Bizleri esnek ve daha ekonomik bir yaşam tarzına yaklaştıran ve ülkemizde de popülaritesi giderek artan Tiny House’lar yaklaşık 10 m2 ile 30 m2 arasında bir alana sahip olan, tekerlekli ya da sabit olarak inşa edilen yapılardır. Var olan küçük yaşam alanının her bir köşesini, kullanıcıların beklentilerini maksimum seviyede tutmak için verimli bir biçimde değerlendirmeye teşvik eder. Kısaca, bir evde ihtiyacımız olan her şeyi içinde barındıracak bir işlevselliğe sahiptir.

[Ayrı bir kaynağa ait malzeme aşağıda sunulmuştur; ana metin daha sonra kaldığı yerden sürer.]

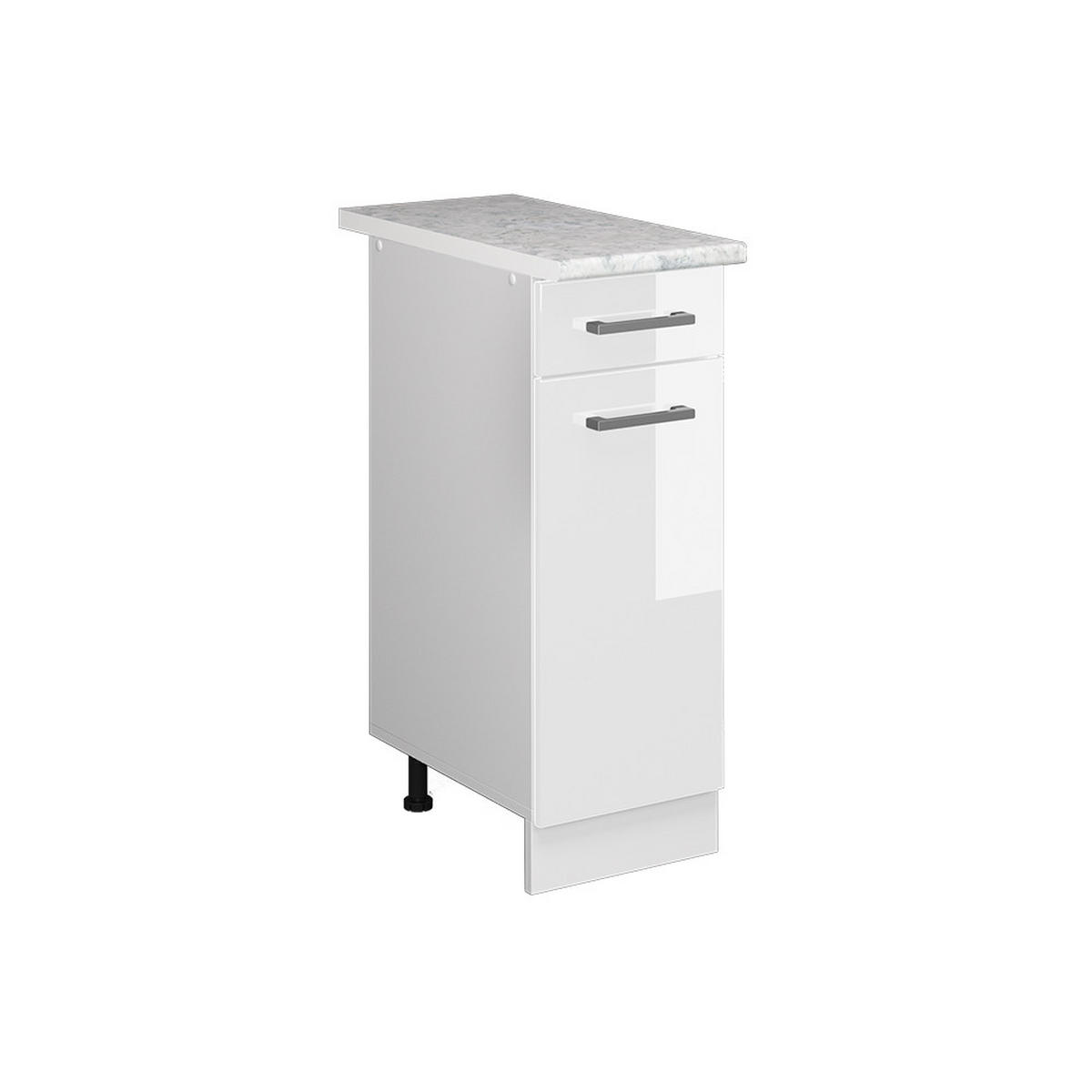 UNTERSCHRANK R-Line Weiß Hochglanz 30 cm mit Schublade mit Arbeitsplatte - Weiß Hochglanz/Weiß, Holzwerkstoff (30/81.6/60cm) - Vicco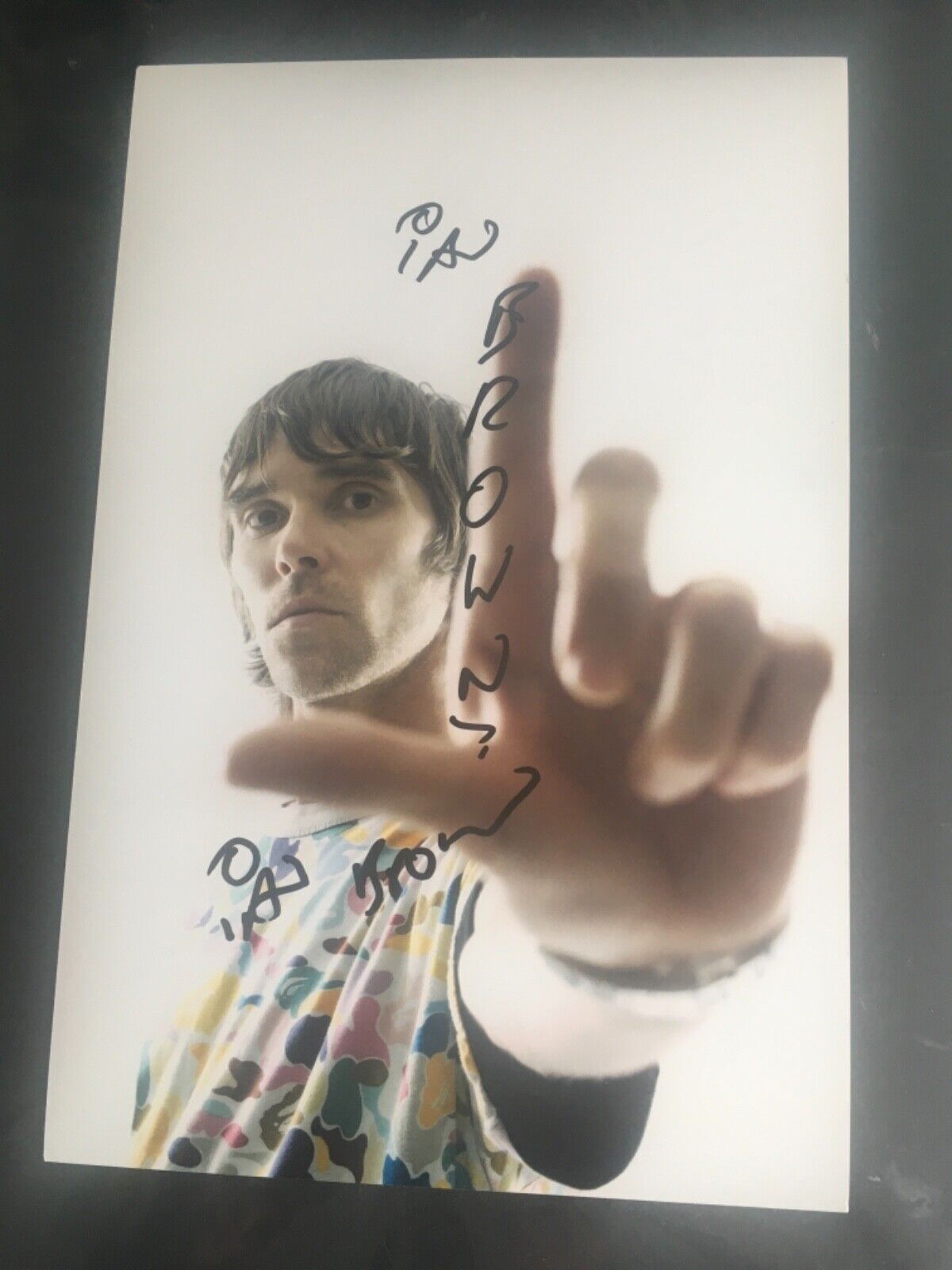 Authentic IAN BROWN signed AUTOGRAPH Photo Poster painting 12x8 STONE ROSES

Tiny-House'ları inşa etmek ve sonrasında yaşamak daha az kaynak kullanımı gerektirir. Bu da daha az atık, daha az karbon ayak izi ve daha az enerji kullanımı demektir. Aslında hepimiz çok iyi biliyoruz ki, daha basit bir yaşam tarzına geçiş, daha sürdürülebilir bir geleceğe yol açar. Bunların yanı sıra, Tiny-House’lar ile ilgili merak edilen bir diğer konu da yönetmelikler ve izinler. Tiny House’ınızı istenilen şekilde ve yasal olarak kullanabilmeniz için belediyelerden ya da gerekli kurumlardan imar veya ruhsat izinlerinin alınması gerekmektedir.
Tiny House Hareketi içinde bulunduğumuz sistemin kısıtlamalarına karşı bir başkaldırı niteliğinde, daha fazla finansal-bireysel özgürlüğe ve nihayetinde kendi kendine yetebilen yenilikçi, işlevsel ve mutlu bir hayata giden bir yol sunar. Gerçek mutluluk arayışı, insanları son yıllarda dünya çapında ivme kazanan bir kavram olan minimalist yaşam üzerine odaklanmaya yöneltti. Bu da bizlere sadece gerçekten ihtiyacımız olan şeylerle yaşamamız ve gerisini bırakmamız gerektiğini söylüyor. Her şey aslında hayatımızı basitleştirmekle ilgili ve Tiny-House Hareketi de bunun en büyük örneklerinden bir tanesi.